* **Problem to work on**: Repeat every entry word for word; omit all pictures.

Task inputs Block Start

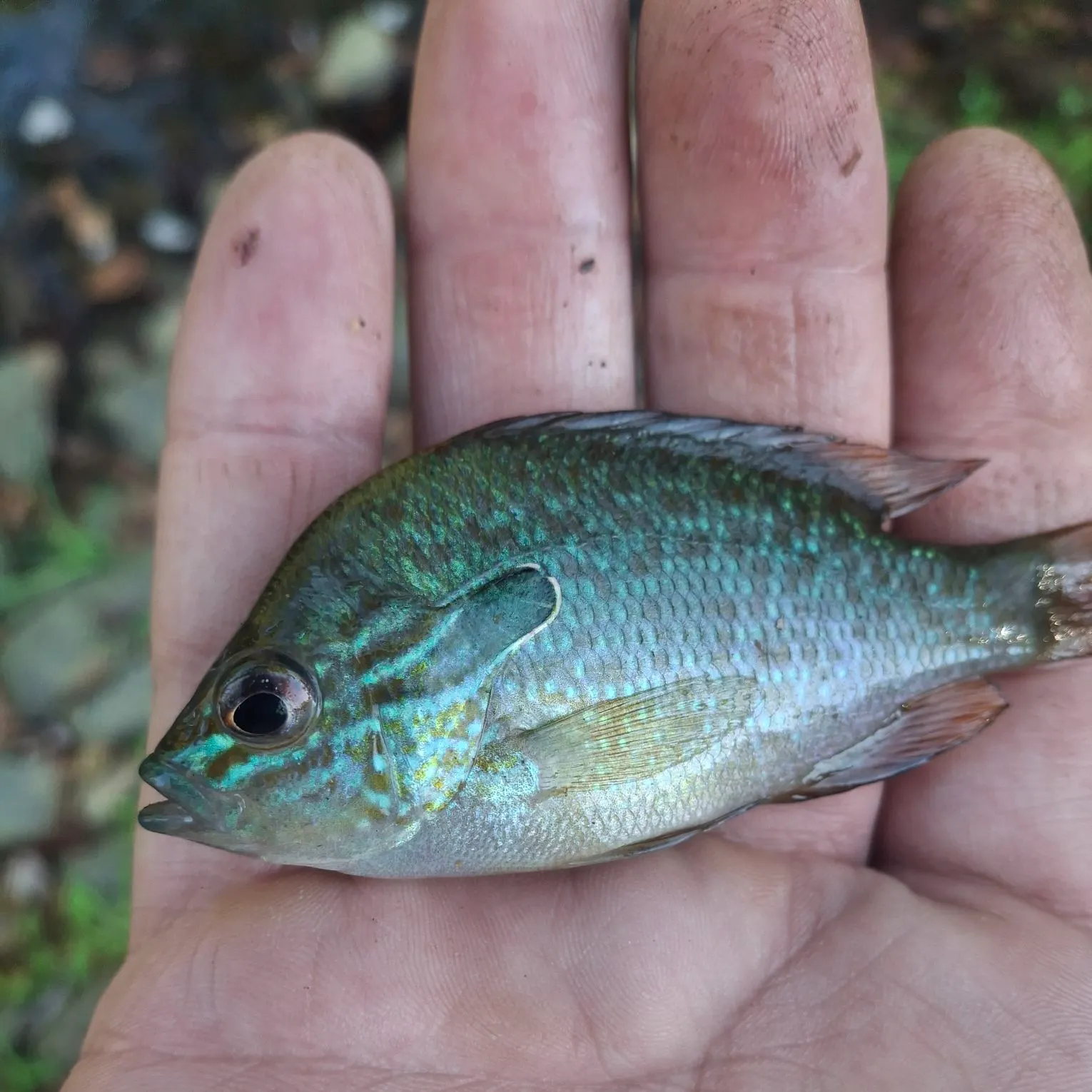 Longear sunfish caught on Fishbrain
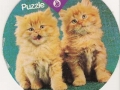 Schmusekatzen-74-B-262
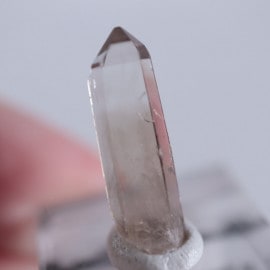 �˥塼�ᥭ����������徽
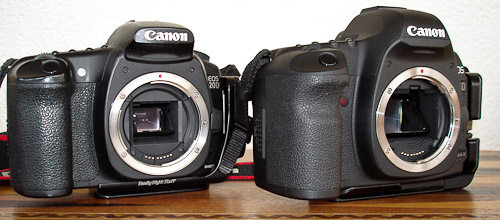 Compare 5D2 and 20D
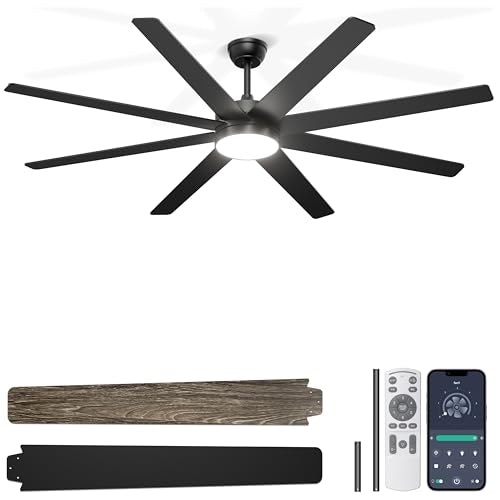 Phylluz 72" Ceiling Fan with Lights: $93 w/ Prime 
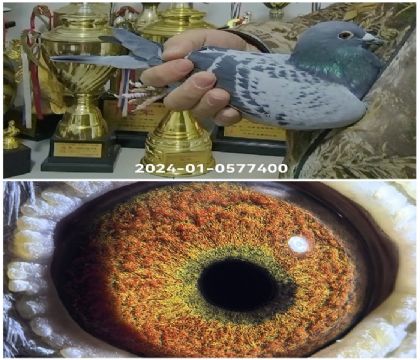 ��W�߿�24-0577400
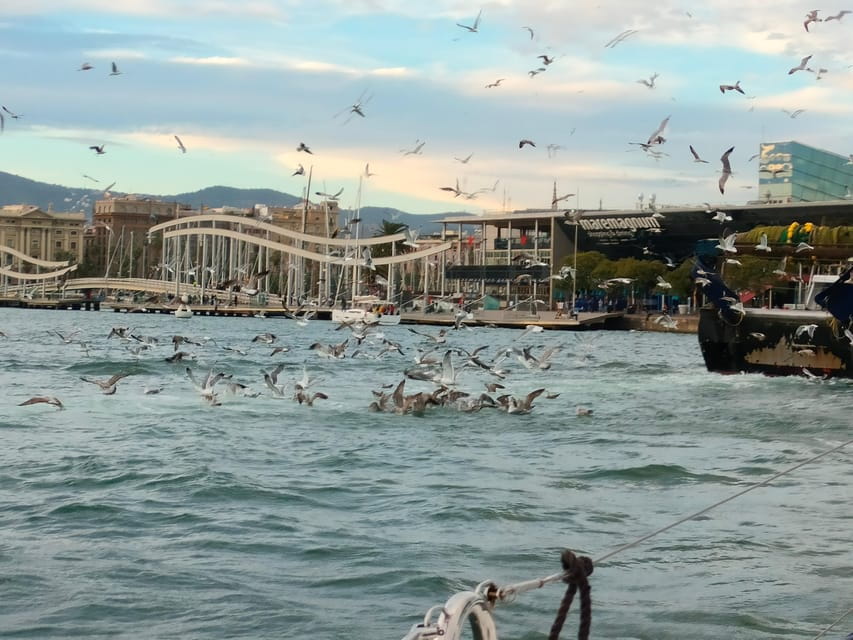 Barcelona: Sunset Cruise With Snacks and Drinks - Experience Details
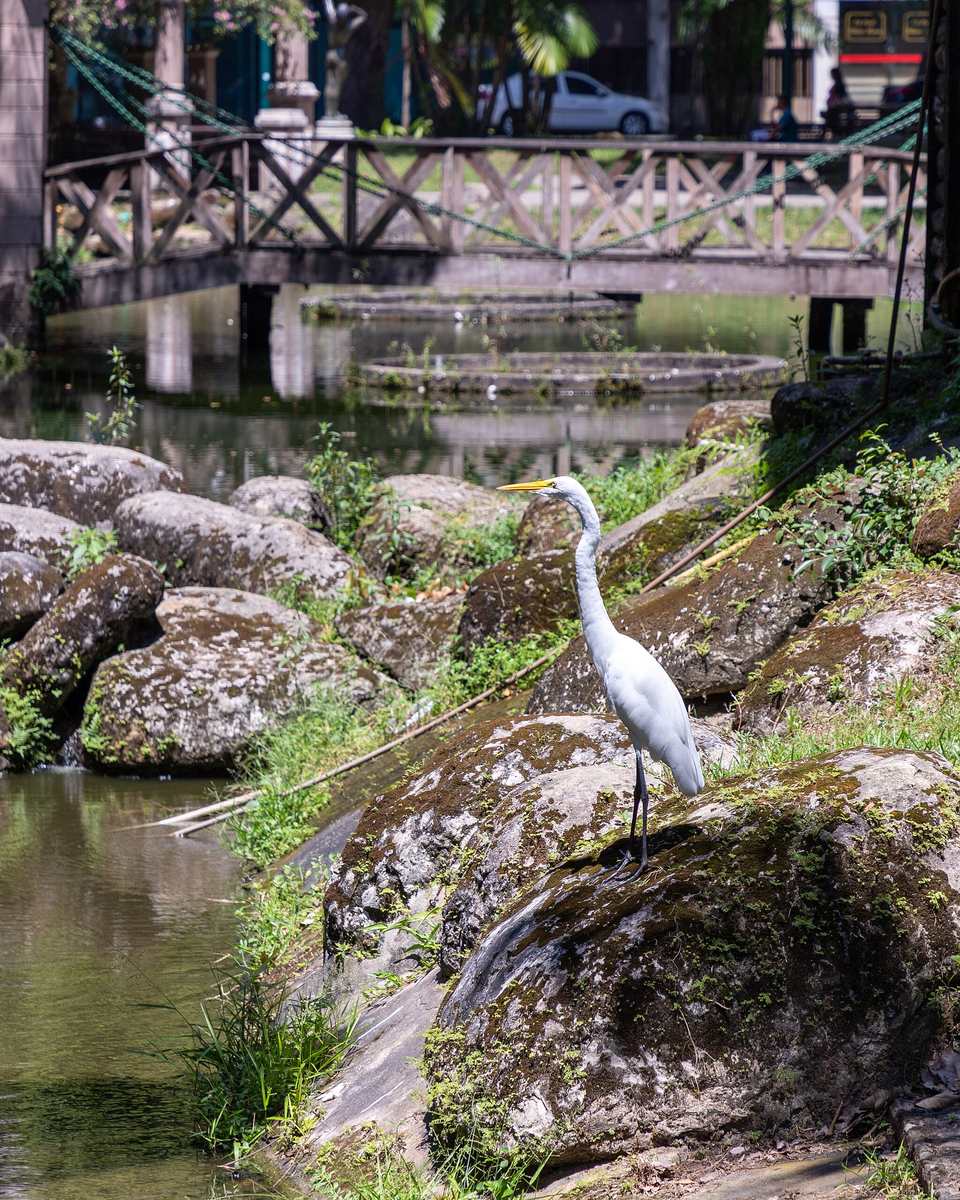 Garça branca parada numa pedra à beira do lago da Praça Batista Campos, em Belém, com ponte de concreto e árvores altas ao fundo.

Task inputs Block End

* **Problem solution**:
 Longear sunfish caught on Fishbrain
 Schmusekatzen-74-B-262
 �˥塼�ᥭ����������徽
 Compare 5D2 and 20D
 Phylluz 72" Ceiling Fan with Lights: $93 w/ Prime 
 ��W�߿�24-0577400
 Barcelona: Sunset Cruise With Snacks and Drinks - Experience Details
 Garça branca parada numa pedra à beira do lago da Praça Batista Campos, em Belém, com ponte de concreto e árvores altas ao fundo.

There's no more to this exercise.